Se entrar acompanhado com velhos ou novos amigos, ou mesmo com seu irmão gêmeo, que mora no exterior há alguns anos, ele não vai pular nas pernas erradas. Ele entende quem é você. Mas não domina quem ele é. Coloque um ser humano em frente ao espelho e esse animal bípede começa instintivamente a mexer no cabelo (achando que um tapinha na franja de fato vai deixá-lo mais bonito).

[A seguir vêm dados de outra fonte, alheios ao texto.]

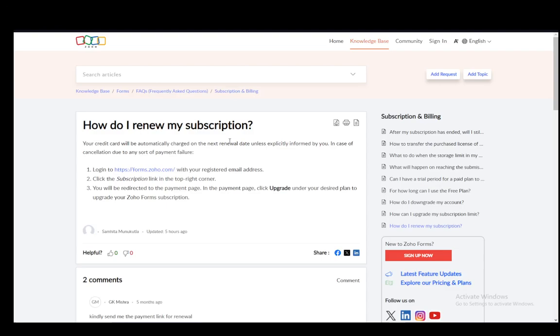Hey everybody, what is going on? I hope you guys are all doing well and welcome to another tutorial video. In this video, I'll be explaining to you how you can renew your Zoho Books subscription, so let's get right into it.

- Empreenda a seriedade do que precisa ser feito
- Joao carlos argumentou
- Iluina dos reis tavares citou: Trinta e um/01/12 ás treze:42
- Limpar fogão
- 139 23 "Tv Soninho" trinta de agosto de 2017
- 17 Episódios Institucionais
- oito Naruto Uzumaki
- dois Reprodução em cativeiro
Um cão, porém, consegue ser ainda mais bestial: a reação dele ao espelho é a mais completa impiedade. Nem sequer uma olhadinha. Ele não reconhece a própria imagem. E se não reconhece a própria imagem, não tem aquilo que chamamos de consciência, direito? Até pouco tempo atrás, era o que a ciência achava. Animais que reconhecem a própria imagem no espelho teriam consciência - e aí entram fundamentalmente nós, nossos primos (os grandes macacos - chimpanzé, gorila, orangotango), cetáceos e elefantes.
Os bichos que não se reconhecem não teriam noção de "eu". No entanto a verdade eventualmente é outra. A dificuldade não está nos animais que não se reconhecem no espelho. Está em quem testa a presença de consciência perante a ótica humana. O universo de um cachorro ou de um gato não se cria majoritariamente com imagens, como o nosso. Eles veem com sons e, principalmente, cheiros. E o espelho exclui a melhor arma de reconhecimento do cachorro: o olfato.
O biólogo Marc Bekoff, da Faculdade do Colorado, testou o próprio bichinho para saber se ele era capaz, de alguma mandeira, de se reconhecer. Ao invés de testar imagens, Bekoff pensou como um cão. Durante 5 invernos, toda vez que saía para passear com o companheiro, recolhia pedaços de neve onde o cão havia feito xixi.
Depois, recolhia neve com urina de outros cachorros. Logo Bekoff espalhava os blocos de neve - alguns com xixi do cachorro dele, outros com o de outros cães -por lugares diferentes. E a reação do melhor conhecido do pesquisador era sempre a mesma: quando encontrava a urina de outro cão, despejava um novo jato de xixi em cima para marcar o território como dele.
Normal. Todavia quando encontrava um bloco com a própria urina, não dava bola. Sabia que aquele xixi imediatamente era dele, pois o território não precisaria de remarcação. Repercussão: o cachorro entende muito bem quem ele é. Contudo diferentemente de você, que se reconhece na fisionomia, ele faz isso pelo cheiro. Se o nosso universo é cheio de imagens, o dos animais domésticos, as estrelas dessa reportagem, vem carregado de sons, cheiros e sensações.